4.8. ANOVA and Kruskal-Wallis in Python#
We’ll use the data from the chimps examples to demonstrate the python code. First, as usual, we’ll import the relevant packages and import the data as a .csv
file.
4.8.1. Set up Python libraries#
As usual, run the code cell below to import the relevant Python libraries
# Set-up Python libraries - you need to run this but you don't need to change it
import numpy as np
import matplotlib.pyplot as plt
import scipy.stats as stats
import pandas as pd
import seaborn as sns
sns.set_theme(style='white')
import statsmodels.api as sm
import statsmodels.formula.api as smf
4.8.2. Import and view the data#
chimps=pd.read_csv('https://raw.githubusercontent.com/jillxoreilly/StatsCourseBook_2024/main/data/chimps.csv')
chimps
chimp | group | yawns | age3 | |
---|---|---|---|---|
0 | 13 | Baboons | 2 | young |
1 | 12 | Baboons | 1 | young |
2 | 14 | Baboons | 1 | young |
3 | 10 | Baboons | 2 | middle |
4 | 11 | Baboons | 0 | old |
5 | 15 | Control (human, no yawn) | 0 | young |
6 | 16 | Control (human, no yawn) | 2 | young |
7 | 19 | Control (human, no yawn) | 1 | middle |
8 | 18 | Control (human, no yawn) | 0 | old |
9 | 17 | Control (human, no yawn) | 1 | old |
10 | 4 | Familiar humans | 5 | young |
11 | 5 | Familiar humans | 3 | middle |
12 | 2 | Familiar humans | 4 | middle |
13 | 3 | Familiar humans | 2 | old |
14 | 1 | Familiar humans | 3 | old |
15 | 7 | Unfamiliar humans | 3 | young |
16 | 9 | Unfamiliar humans | 5 | middle |
17 | 6 | Unfamiliar humans | 4 | middle |
18 | 8 | Unfamiliar humans | 3 | old |
Have a look at the data
Each row is a ‘participant’ (a chimp).
We have the following information on each chimp;
ID number
Experimental group (who did the chimp see yawning?)

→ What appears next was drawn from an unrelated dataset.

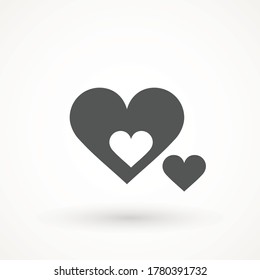 Heart Icon Vector. Love symbol. Valentine's Day sign, emblem isolated on white background with shadow, Flat style for graphic and web design, logo. EPS10 black pictogram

yawns (number of yawns produced)
age3 (age of the chimp, in three categories)
What is the dependent variable? What is the independent variabble? What are the control variables?
4.8.3. Running the ANOVA#
We want to run an ANOVA to test whether the species of the yawner affects the number of yawns produced by the chimp.
Here is some code to do so:
# First we create the ANOVA model:
chimps_lm = smf.ols('yawns ~ group', data=chimps).fit()
# Then output the ANOVA table
table = sm.stats.anova_lm(chimps_lm, typ=2)
print(table)
sum_sq df F PR(>F)
group 31.607895 3.0 11.66343 0.000333
Residual 13.550000 15.0 NaN NaN
The python output confirms our longhand example above. The p-value is 0.0003. There is a statistically significant difference in yawn rates between the groups.
Control variable#
We can add a control variable in a “two-way ANOVA”. Here we want to control for age which is a categorical variable of the chimp’s age: young, middle-aged, and old
# First we create the ANOVA model:
chimps_lm = smf.ols('yawns ~ group + age3', data=chimps).fit()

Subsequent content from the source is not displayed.